Streams to the River, River to the Sea by Scott O'Dell

Author:Scott O'Dell
Language: eng
Format: epub
Publisher: Houghton Mifflin Harcourt


Chapter Seventeen

Before we started the next morning, Captain Clark came to the tent where Charbonneau was stretched out in front of the fire, eating his breakfast.

Captain Clark was wrapped in a buffalo robe against the cold. His eyes looked angry. "What happened last night?" he asked. "Sergeant Ordway tells me that he found you in one of the canoes, about to bid us farewell. Is that true?"

Charbonneau had a quick answer. "Shoshone here, she wake Charbonneau. She cry many tears. She beg take her back to Minnetaree. She fraid of Blackfeet. Fraid for baby, Jean Baptiste Charbonneau."

Captain Clark waited for me to say something. I put Meeko in his cradleboard and said nothing. I had learned, I had been warned to hold my tongue.

"My wife, she Shoshone. Afraid everything," Charbonneau said. "We leave now. Sorry, too bad."

"You can leave if you want to. I'll pay you the money we owe," Captain Clark said. "But you can't take a canoe. We need every one we have."

Charbonneau grumbled. "Me walk, huh?"

"You walk," Captain Clark said.

"Long way.

"Yes, a very long way."

Captain Clark turned his back on us and went down to the river.

Charbonneau ate the last piece of his boiled buffalo. He picked it up, held it in his jaws, and cut it in two with his knife. Then he wiped his mouth on his beard and went to fold our tent. As soon as he was gone I followed Captain Clark. He was putting the things he had gathered the day before in his canoe.
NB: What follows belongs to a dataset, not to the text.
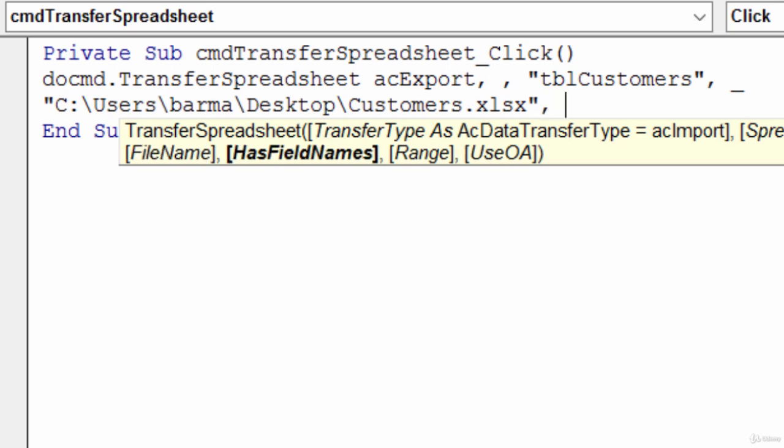Here it's asking if the table has field headers. It does, so I'll go ahead and type in true.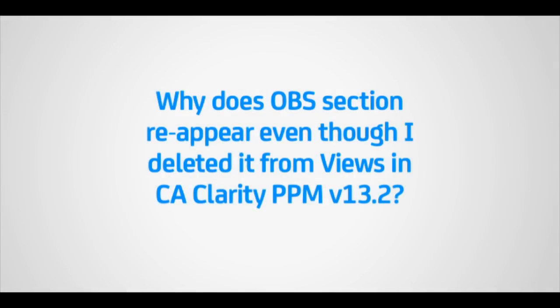This video demonstrates why the OBS section reappears even though it has been deleted from views in a CA Clarity PPM 13.2 system.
"I don't want to see you go," he said. "The men will miss you. You've kept up their spirits. They tell themselves, 'If a girl with a baby on her back can do this day after day, then we can too.' They keep going when they would like to quit."

"Charbonneau did not speak for me," I said. "He lied when he told you that I woke him in the night and wept and begged him to take me back to Fort Mandan. It was a lie, Captain Clark. I did not weep and I did not beg."

"Do you want to go with us?" he said.

"Yes."

"But you're afraid of what Charbonneau will say?"

"No, of what he will do. He has a bad temper."

"We need you," he said. "The journey has been hard so far, but from here on into the high mountains it will be worse. Dangerous. Do you understand what I am telling you?

"I understand."

"Still you want to go?"

"I do."

"I'll not hold it against you if you turn back. You'll be safe. The baby will be safe. You're sure you want to go?"

There was nothing, nothing that would make me turn back. Wherever he led, I would go.

"Yes," I said. "I am sure."

Dawn was breaking. The sun shone through the trees. It turned his hair to bright copper. He looked like the God of the Gods Above.

Charbonneau sidled up to the pirogue and tossed his blankets over the rail. He got into a canoe and took up a paddle.